Church Survey Raises Estimate of Amnesty Seekers Facing Separation
More illegal aliens applying for amnesty than initially estimated face the separation of family members, according to a survey conducted in Los Angeles County by Catholic clergy lobbying for liberalization of the program.
Of the nearly 3,000 families that participated in the church survey, one-third said they had not applied for amnesty. Of the two-thirds who have taken steps toward applying, 44% said they have one or more family members who are ineligible for legalization. Of those who had not applied, 48% said they had relatives who would not qualify.
Several months ago, church officials who have been pressing for a change in the rules estimated that 30% of amnesty applicants might face some family separation.
Federal officials, who joined the religious leaders at an unusual press conference Tuesday, promised to take steps to see that families are not separated.
Acknowledging that the survey indicates a great effect on families, Harold Ezell, Western regional commissioner of the Immigration and Naturalization Service, said he would relay the information to U.S. Commissioner Alan Nelson for review. It was Nelson who challenged the religious leaders at a meeting in Los Angeles last summer to document whether a serious problem existed, members of the group said.
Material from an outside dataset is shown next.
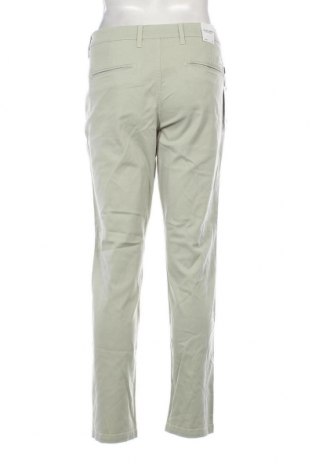 Pantaloni de bărbați Jack & Jones, Mărime L, Culoare Verde, Preț 162,83 Lei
In exchange for Ezell’s cooperation, the religious leaders pledged their cooperation in encouraging their parishioners to apply for the program. The joint press conference was termed “historical” by participants, who noted that the officials and the religious leaders have often been at odds over the law and its implementation.
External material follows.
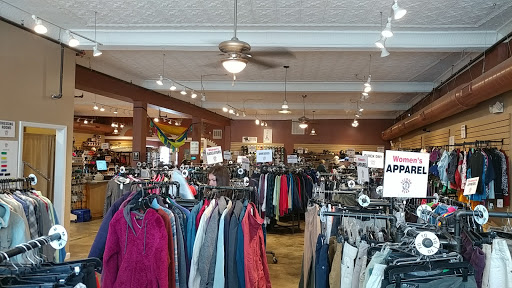 Consignment Shop «Second Gear», reviews and photos, 444 Haywood Rd, Asheville, NC 28806, USA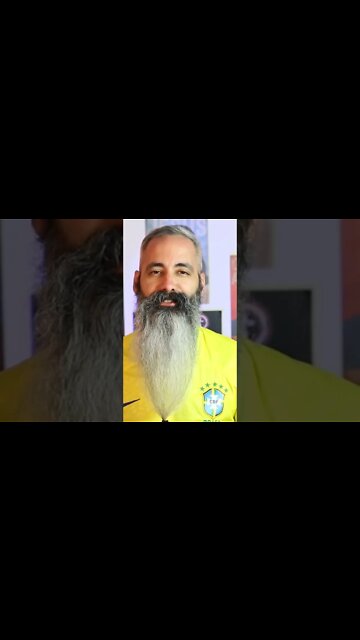 #CORTE Um dia no céu e um no inferno #shorts #deus #jesus #igreja #cristão #rikorocha #céu #inferno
Ezell conceded that the issue “needs a little more clarification,” but cautioned that Congress’ intent in enacting the law “was never to legalize every alien” in the country. Under the landmark immigration law, illegal aliens who have lived in this country before January, 1982, are eligible for amnesty.
“Morally, we cannot stand by and see families broken up and destroyed because of the fear of deportation,” said Father William Jansen, a leader in the South-Central Organizing Committee, one of three church-based sister organizations in Los Angeles that conducted the survey of 14 parishes. Questionnaires were distributed at Masses during the last four months.
Family members, including spouses and children, must qualify individually. In one concession, the INS in October announced a change in policy allowing the children of eligible parents to remain in the country.
Los Angeles INS District Director Ernest Gustafson said that “there has not been a single individual who has filed who has had a non-qualifying family member removed from the country.” Even in those cases where a non-qualifying family member has been apprehended, outside the amnesty process, and ordered deported, officials have used their administrative discretion to allow the person to remain in the country.
Moreover, Gustafson said that the INS will “continue to extend the time (that such people may remain) until Congress deals with the problem.”